2018.01 podcast (Epicenter)

Monica Spisar
4 min readDec 4, 2018

My notes on Epicenter podcast: Andrew Trask: OpenMined — A Decentralised Artificial Intelligence Platform

Facilitated private machine learning: train ML models on users’ data without exposing that data or uploading/aggregating that data.

How? A user downloads a model and trains it on their data. The training process yields an update to the model; that update is uploaded as a proposed improvement to the model. The user data is never exposed, aggregated with other data, or transferred beyond the user’s control.

How it works

  • OpenMined offers tools for the user to ‘hide’ their data in a container on their machine
  • User downloads the machine learning model that wants to train on the user’s data (without saving or taking the data off the user’s machine)
  • User allows the model to train on the data that’s behind a security firewall of sorts
  • Model updates based on what it learns from this new dataset
  • Model update uploaded to OpenMined where the model is hosted and managed; model update is selectively incorporated (e.g., if it’s introducing bias or some other undesirable property to the model, the model update is rejected — verify this for accuracy, I’m not certain of the process)
  • User’s data never copied or stored elsewhere, and its only trace on the model is any change that’s ultimately incorporated into the model hosted by OpenMined (ed: can this process be reverse-engineered to reveal anything about the data? otherwise, it’s much like hashing except …?…)

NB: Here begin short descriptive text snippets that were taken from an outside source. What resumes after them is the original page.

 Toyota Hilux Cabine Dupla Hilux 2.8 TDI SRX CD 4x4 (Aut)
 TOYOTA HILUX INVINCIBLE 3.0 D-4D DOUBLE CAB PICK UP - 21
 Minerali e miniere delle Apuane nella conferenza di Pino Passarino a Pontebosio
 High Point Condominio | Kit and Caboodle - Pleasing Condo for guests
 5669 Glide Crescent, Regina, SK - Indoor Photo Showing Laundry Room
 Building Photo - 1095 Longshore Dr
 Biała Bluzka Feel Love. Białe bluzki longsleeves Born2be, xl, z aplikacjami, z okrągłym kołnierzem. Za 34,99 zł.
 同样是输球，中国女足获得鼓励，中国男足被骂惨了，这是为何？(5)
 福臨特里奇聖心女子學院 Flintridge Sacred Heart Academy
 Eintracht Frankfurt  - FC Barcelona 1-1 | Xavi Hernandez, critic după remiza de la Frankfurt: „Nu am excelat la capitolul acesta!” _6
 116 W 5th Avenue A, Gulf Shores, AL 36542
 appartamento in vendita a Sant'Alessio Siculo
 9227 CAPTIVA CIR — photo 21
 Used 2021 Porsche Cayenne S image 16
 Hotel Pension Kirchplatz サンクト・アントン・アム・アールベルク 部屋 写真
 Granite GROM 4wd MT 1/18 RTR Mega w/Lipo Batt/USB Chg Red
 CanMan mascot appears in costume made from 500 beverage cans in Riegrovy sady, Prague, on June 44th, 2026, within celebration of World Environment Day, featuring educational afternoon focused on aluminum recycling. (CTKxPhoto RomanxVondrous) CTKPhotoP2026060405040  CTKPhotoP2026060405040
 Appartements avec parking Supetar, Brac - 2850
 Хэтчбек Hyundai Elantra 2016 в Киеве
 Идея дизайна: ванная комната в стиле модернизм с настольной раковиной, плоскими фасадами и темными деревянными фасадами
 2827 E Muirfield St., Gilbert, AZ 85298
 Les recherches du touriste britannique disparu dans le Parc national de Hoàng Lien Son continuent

OpenMined: focused on AI security/privacy

  • containerizing AI components and providing boxes and tools/knobs to make training data useful without exposing it
  • the obvious use case is for narrow AI, and that’s the focus
  • regulators present a false tradeoff between innovation and privacy: they don’t seem to know that models can be trained without access to aggregated data (in the sense that it’s collected and stored by an entity which then controls that data — whose security might be breached, potentially exposing the full collection of people’s data to the security hacker)

OpenMined

  • bringing awareness of private machine learning to the broader community
  • building and offering tools for private machine learning
  • goal: make the software/UI as accessible as possible for broad use
  • these tools eradicate the privacy/innovation tradeoff
  • uses blockchain to facilitate AI privacy
  • key differentiator: tools for data that’s not centralized
  • machine learning engineers don’t see the data they’re using — they provide models and receive proposed changes to the model based on training the model locally (to a data owner) on private data which never leaves the data owner’s data storage (wherever and whatever that may be)

What could we be building? (aka things OpenMined hopes to help with)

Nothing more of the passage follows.